All great wine begins in the vineyard, and botrytised wines are no exception. One essential process when producing a great botrytised wine is to harvest selectively. Unfortunately, the march of Botrytis across a ripened bunch is not always a steady one, and some grapes will be fully botrytised, and ready for harvest, whilst others in the same bunch will be unaffected. And some bunches will be far ahead of other bunches. Hence the dedicated winemaker will have his crop harvested in a number of passes (tris) through the vineyard. With each tri the pickers will pluck only suitable affected bunches, with the first pass generally regarded as the one yielding the highest quality of botrytised grapes, hence the premium asked for great Premier Tri Vouvray. Labour is a major factor in the high cost of producing high quality botrytised wine, and pickers require some degree of knowledge. Early Botrytis infection, which turns the grapes a purple-green, is known as pourri plein, and at this stage Botrytis cinerea consumes grape sugar without concentration of juice; hence the grapes may actually be less sugar-rich than before Botrytis set in. Pickers must wait until the grapes are fully desiccated, when they are known as confit or rôti, before harvesting. At this stage the Botrytis has consumed more sugar, but such is the effect of dehydration that the juice is highly concentrated and sweet; in addition, the fungal action creates glycerol, dextrin and other compounds which contribute to the texture and unique and desirable honey, toast and apricot flavour profile of a botrytised wine.

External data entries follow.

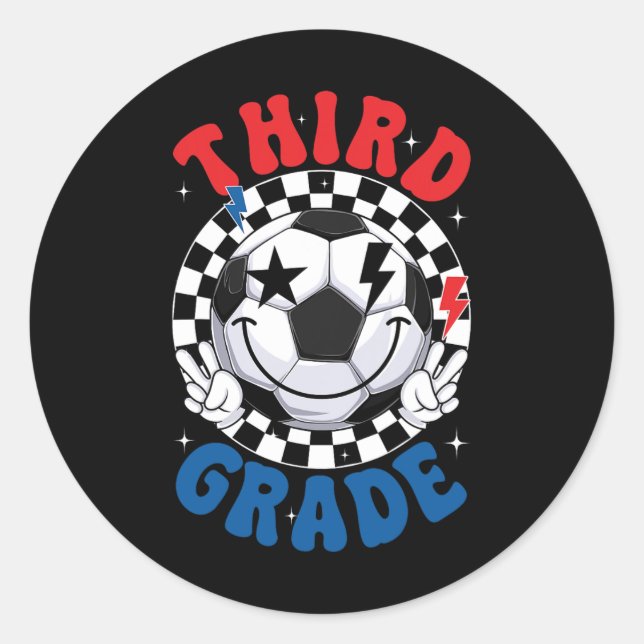 Groovy Third Grade Team Soccer First Day Of School Classic Round Sticker (Front)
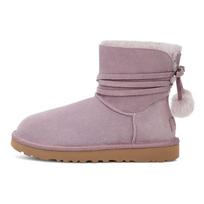 UGG Mini Bailey Bow Pom Short Snow Boots Women boots Pink Purple 1125382-SHAD 37 gray
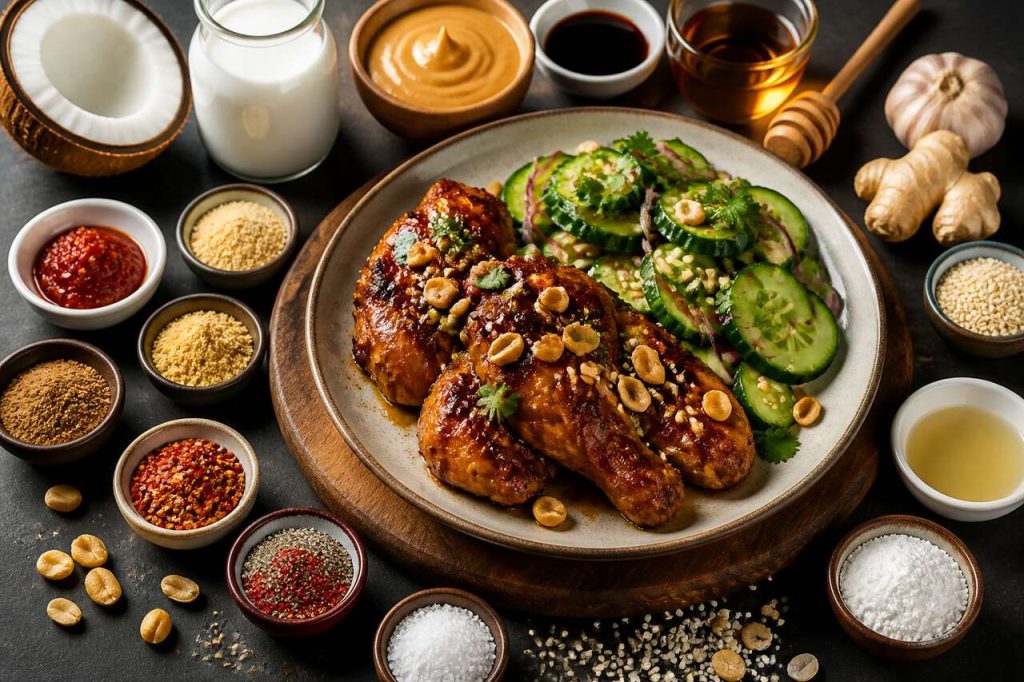 Recette du poulet rôti au beurre de cacahuètes et à la noix de coco, salade de concombre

Also contributing to the overheads in the vineyard are low yields; shrivelled grapes do not produce as much volume of wine as healthy grapes. The maximum legally permissible yield in Sauternes may be as low as 25 hl/ha, although Yquem might claim 9 hl/ha, or approximately one glass of wine per vine. For this reason botrytised wines should be astronomically expensive; fortunately for those of us who appreciate them, they are still unpopular with the majority of wine-drinkers, and prices remain in check. Sauternes may in most cases be obtained at prices largely in line with that charged for the red wines of Bordeaux. Tokaji is also reasonably priced, although as quality recovers following liberation from Communist rule prices continue to edge upwards. Select German wines, however, do reach astronomical prices at the nation's wine auctions.
Once harvested, Nobly rotten grapes can present some challenges in the winery. Grapes devoid of juice are difficult to press, and the winemaker may need to persevere with several pressings in order to produce a respectable volume of wine; the first pressing is of highest quality, although the second is richer in sugar, as is the third, although by this time the juice may be suffering from oxidation and have to be discarded. Secondly, a must so rich in sugar can be slow to ferment, as this inhibits the action of the yeasts. It is also feasible that such a heavy presence of Botrytis cinerea may in itself be responsible for slow fermentation; the organism does yield botryticine, an antimicrobial substance which is thought to inhibit the action of yeasts during fermentation. Much may be done in order to encourage fermentation, including warming the fermenting must if this can be achieved. Once started fermentations may stick, although some estates still find sulphur necessary, both to stop successful fermentation and to try and protect against refermentation of the high residual sugar in bottle.